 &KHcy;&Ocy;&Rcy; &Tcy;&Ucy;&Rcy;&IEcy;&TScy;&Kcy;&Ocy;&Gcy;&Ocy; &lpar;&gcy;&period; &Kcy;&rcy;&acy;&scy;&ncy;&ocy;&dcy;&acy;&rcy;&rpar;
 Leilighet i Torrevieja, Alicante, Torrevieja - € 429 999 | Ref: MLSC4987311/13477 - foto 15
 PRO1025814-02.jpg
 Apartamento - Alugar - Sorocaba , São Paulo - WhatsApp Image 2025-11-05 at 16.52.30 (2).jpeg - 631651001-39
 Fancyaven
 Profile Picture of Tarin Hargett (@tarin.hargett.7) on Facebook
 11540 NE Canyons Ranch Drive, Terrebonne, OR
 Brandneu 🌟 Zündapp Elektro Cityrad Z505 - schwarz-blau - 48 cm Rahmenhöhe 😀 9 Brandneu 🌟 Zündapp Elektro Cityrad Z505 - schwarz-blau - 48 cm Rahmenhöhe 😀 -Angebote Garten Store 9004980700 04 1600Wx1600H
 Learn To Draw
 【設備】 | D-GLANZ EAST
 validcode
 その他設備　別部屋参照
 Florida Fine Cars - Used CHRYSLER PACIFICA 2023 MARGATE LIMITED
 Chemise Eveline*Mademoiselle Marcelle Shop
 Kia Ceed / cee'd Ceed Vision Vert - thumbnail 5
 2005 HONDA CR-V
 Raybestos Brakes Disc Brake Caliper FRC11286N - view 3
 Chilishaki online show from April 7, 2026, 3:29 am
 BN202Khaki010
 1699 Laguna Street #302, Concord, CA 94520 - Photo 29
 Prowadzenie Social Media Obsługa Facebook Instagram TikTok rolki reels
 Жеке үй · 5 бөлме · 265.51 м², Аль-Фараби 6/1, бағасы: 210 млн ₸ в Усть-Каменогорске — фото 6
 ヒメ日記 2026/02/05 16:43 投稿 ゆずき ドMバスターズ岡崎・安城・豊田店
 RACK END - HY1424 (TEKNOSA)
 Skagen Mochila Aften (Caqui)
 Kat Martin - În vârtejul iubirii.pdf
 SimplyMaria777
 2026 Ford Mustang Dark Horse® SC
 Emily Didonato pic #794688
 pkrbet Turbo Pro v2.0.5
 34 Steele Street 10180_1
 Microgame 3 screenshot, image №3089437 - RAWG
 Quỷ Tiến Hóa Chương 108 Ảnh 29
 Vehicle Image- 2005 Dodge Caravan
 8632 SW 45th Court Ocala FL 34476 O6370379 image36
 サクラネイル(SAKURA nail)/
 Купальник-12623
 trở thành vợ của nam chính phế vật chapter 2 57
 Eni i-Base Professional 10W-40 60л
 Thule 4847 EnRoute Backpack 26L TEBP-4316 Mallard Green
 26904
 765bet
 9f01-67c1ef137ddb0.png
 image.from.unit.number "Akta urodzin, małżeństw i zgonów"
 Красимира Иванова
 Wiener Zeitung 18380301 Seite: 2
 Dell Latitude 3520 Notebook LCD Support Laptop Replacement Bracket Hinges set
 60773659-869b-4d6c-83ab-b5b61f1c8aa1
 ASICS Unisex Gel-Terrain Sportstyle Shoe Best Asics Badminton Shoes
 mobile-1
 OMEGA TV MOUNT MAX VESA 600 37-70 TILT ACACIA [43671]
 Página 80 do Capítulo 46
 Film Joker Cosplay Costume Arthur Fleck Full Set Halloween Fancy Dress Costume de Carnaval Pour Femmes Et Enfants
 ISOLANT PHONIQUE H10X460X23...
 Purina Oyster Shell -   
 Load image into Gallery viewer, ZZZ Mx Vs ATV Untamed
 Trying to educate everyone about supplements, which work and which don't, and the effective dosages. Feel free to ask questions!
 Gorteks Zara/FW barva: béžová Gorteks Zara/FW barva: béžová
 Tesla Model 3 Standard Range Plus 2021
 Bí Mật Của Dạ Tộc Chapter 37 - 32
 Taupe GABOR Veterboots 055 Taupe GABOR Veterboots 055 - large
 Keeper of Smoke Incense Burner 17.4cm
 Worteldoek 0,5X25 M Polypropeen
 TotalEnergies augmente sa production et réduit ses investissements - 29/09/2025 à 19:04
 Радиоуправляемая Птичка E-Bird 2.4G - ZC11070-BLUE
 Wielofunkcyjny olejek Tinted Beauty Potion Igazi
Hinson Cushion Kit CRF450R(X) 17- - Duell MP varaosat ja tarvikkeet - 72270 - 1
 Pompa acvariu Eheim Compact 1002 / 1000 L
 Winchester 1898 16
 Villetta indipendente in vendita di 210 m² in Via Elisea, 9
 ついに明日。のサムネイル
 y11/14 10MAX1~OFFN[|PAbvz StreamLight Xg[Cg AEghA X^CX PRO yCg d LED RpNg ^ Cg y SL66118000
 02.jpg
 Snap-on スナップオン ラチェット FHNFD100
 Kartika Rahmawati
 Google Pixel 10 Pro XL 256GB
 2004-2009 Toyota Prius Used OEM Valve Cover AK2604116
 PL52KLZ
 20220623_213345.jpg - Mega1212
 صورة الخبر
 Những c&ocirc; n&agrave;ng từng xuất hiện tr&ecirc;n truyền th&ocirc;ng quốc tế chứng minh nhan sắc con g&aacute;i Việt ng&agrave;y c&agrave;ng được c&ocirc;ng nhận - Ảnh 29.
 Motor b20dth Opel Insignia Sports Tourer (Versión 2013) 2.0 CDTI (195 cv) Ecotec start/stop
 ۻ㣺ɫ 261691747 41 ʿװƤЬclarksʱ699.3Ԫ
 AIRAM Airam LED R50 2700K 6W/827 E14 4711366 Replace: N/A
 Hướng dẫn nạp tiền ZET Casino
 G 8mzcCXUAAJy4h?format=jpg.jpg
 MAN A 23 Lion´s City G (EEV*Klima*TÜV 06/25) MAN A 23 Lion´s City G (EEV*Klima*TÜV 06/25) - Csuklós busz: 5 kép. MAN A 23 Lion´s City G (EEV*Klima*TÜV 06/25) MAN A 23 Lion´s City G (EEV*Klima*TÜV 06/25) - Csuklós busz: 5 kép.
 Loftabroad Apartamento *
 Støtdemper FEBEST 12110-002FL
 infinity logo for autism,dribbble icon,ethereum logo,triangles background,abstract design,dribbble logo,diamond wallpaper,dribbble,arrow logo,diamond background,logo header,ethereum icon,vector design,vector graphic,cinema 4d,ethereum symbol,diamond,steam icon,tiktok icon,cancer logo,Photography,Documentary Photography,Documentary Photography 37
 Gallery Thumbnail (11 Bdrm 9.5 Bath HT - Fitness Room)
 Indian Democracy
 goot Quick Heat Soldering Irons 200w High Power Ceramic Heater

» **YOUR GOAL**: Which lines of the listing contain the word "Apartamento"? Copy each of them.

» **WRITTEN ANSWER**:
 Apartamento - Alugar - Sorocaba , São Paulo - WhatsApp Image 2025-11-05 at 16.52.30 (2).jpeg - 631651001-39
 Loftabroad Apartamento *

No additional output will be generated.